## TASK TO CARRY OUT
For the data below, work out how many lines contain the word "Ring" and supply only that number.
BEGIN RECORDED DATA
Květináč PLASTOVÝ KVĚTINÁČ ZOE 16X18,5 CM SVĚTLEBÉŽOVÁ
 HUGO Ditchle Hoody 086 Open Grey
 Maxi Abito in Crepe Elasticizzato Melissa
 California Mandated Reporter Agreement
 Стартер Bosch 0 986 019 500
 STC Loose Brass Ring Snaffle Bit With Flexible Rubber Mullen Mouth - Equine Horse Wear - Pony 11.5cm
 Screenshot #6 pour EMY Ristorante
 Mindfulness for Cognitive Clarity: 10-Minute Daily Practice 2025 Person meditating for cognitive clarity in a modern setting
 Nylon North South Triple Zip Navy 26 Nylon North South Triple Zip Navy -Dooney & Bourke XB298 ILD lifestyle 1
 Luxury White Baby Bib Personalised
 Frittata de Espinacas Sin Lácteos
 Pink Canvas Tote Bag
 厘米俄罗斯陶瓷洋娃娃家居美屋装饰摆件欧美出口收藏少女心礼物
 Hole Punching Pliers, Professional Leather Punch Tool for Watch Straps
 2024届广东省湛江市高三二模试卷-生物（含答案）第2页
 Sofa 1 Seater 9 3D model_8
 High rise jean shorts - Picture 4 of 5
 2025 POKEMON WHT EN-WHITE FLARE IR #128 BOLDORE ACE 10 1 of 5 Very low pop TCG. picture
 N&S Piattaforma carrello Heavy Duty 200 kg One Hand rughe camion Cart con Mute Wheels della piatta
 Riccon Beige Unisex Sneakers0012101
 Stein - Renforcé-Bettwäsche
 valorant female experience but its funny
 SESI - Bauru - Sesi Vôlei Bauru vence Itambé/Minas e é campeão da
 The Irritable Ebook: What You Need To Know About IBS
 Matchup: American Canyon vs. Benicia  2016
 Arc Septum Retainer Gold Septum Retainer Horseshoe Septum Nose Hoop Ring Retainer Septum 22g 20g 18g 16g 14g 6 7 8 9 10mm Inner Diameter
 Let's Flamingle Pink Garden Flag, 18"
END RECORDED DATA
## ANSWER BELOW
2